Chacun sait déjà probablement qu’en matière prudhommale, il existe un délai de « prescription de deux mois » à compter du jour ou l’employeur a eu connaissance d’un fait fautif susceptible d’engager une procédure disciplinaire (Article L1332-4 du code du travail).
Il doit être immédiatement précisé que l’employeur dispose non seulement d’un délai de deux mois pour engager une procédure disciplinaire mais que ce délai est suspendu si des poursuites pénales sont engagées dans le même délai.
Ce dernier point est probablement lié au temps nécessairement long d’une procédure pénale permettant de figer définitivement les faits, les caractériser et ainsi justifier à postériori une procédure de licenciement.
La question est cependant de savoir à partir de quel moment courre le délai de prescription.
La question est cruciale lorsqu’il s’agit particulièrement d’entreprises de taille importante, avec une hiérarchie complexe.
L’incident, susceptible d’être qualifié de faute ne sera porté à la connaissance du supérieur hiérarchique que tardivement.
Le délai de deux mois parait donc inapplicable ou en tout cas, inadapté.
Le texte indique que « le point de départ du délai de prescription est le jour à compter duquel l’employeur en a eu connaissance ».
La Cour de cassation a précisé les contours du terme employeur.

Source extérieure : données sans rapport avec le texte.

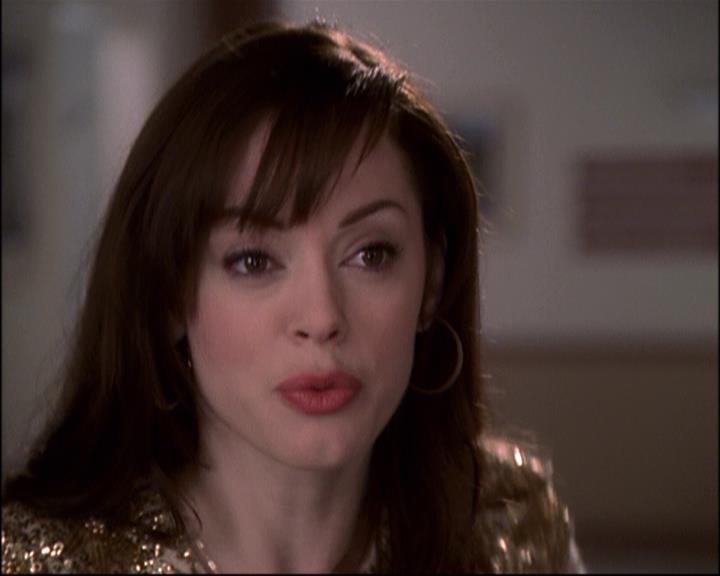 Charmed-Online-dot-net_810VayaConLeos1383.jpg Charmed-Online-dot-net_810VayaConLeos1383.jpg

Par une décision de la chambre sociale de la Cour de cassation du 23 juin 2021, la Cour a porté une appréciation intéressante.
Dans cette affaire, il existait une procédure de licenciement disciplinaire intervenue le 7 juin 2012.

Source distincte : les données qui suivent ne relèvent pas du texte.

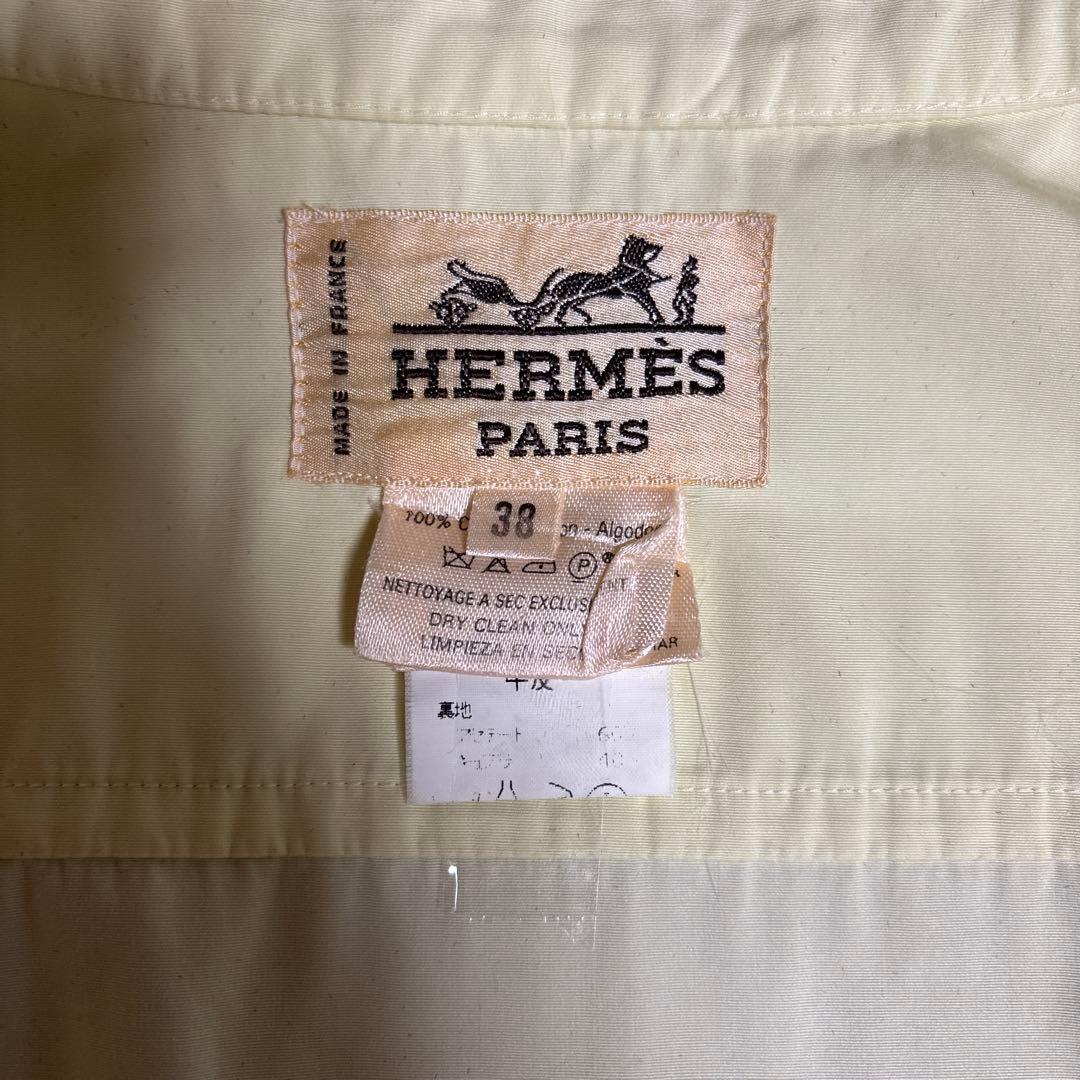 エルメス淡い黄色のトレンチコート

Le salarié se voyait reprocher des propos dénigrants et portant atteinte au crédit de l’entreprise, en présence de clients lors d’une réunion du 6 avril 2012.
Les faits se sont donc déroulé devant son supérieur hiérarchique qui a établi un rapport transmis à l’employeur le 17 mai 2012.

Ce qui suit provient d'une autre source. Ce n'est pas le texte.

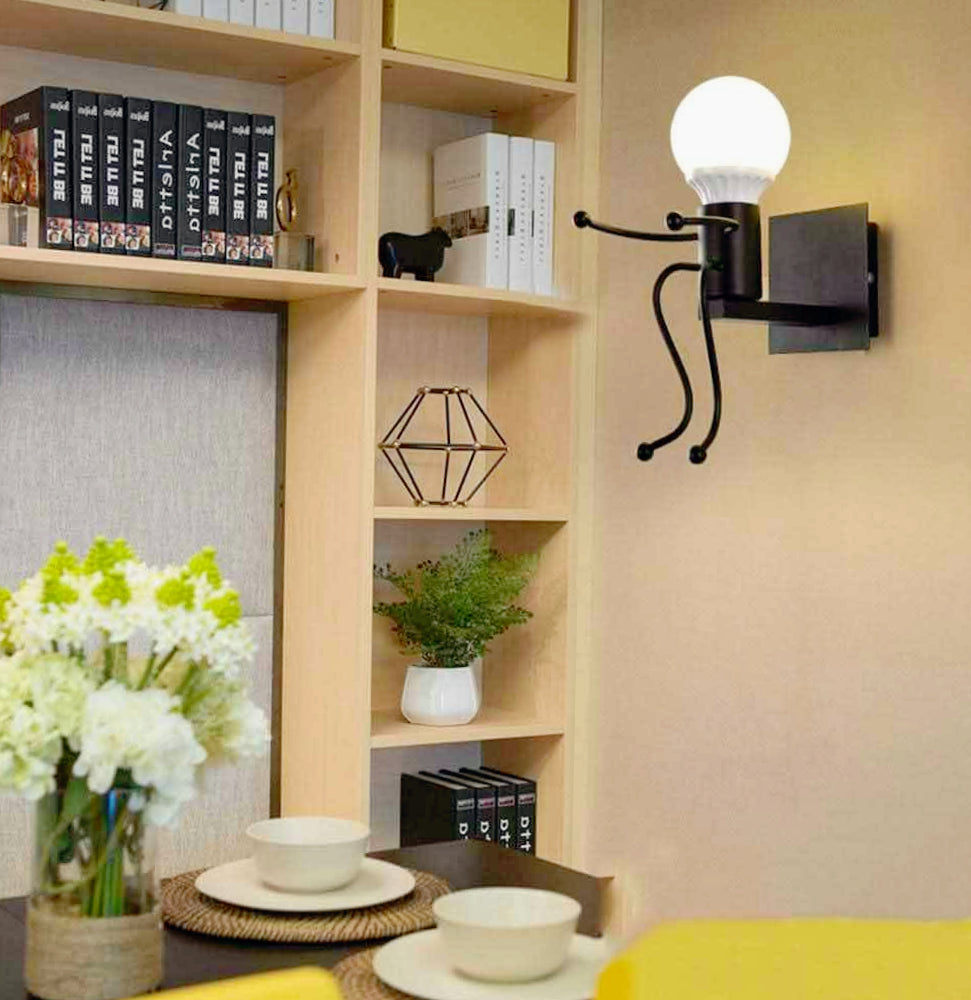 Applique decorativa a forma di omino in metallo per parete – Attacco E27 - ambraled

Le licenciement a été contesté, le salarié contestant le respect du délai de prescription, puisqu’il avait été convoqué à entretien préalable le 7 juin, qui marque le début de la procédure de licenciement.
Selon les lui, les faits étant intervenus le 6 avril, le délai de prescription était écoulé.
Le licenciement a été prononcé le 13 juillet 2012.
La Cour de cassation a considéré que le mot employeur ne pouvait s’entendre que par celui qui était titulaire du pouvoir disciplinaire mais également supérieur hiérarchique du salarié même s’il n’est pas titulaire de ce pouvoir.
Cette décision est particulièrement inquiétante car elle revient sur une jurisprudence parfaitement établie qui considérait que seul le supérieur hiérarchique certes mais titulaire du pouvoir disciplinaire devait être considéré comme employeur pour pointer le départ du délai de prescription.
Très concrètement et par cette décision encore une fois très désavantageuse pour l’employeur, la Cour de cassation a manifestement voulu rendre difficile la sanction disciplinaire dans des entreprises particulièrement structurées.
Il doit être recommandé dans ces conditions, d’inviter les supérieurs hiérarchiques titulaires du pouvoir disciplinaire de sensibiliser leur responsable de terrain, pour que toute difficulté soit immédiatement remontée, afin qu’une décision puisse être prise dans ce délai de prescription.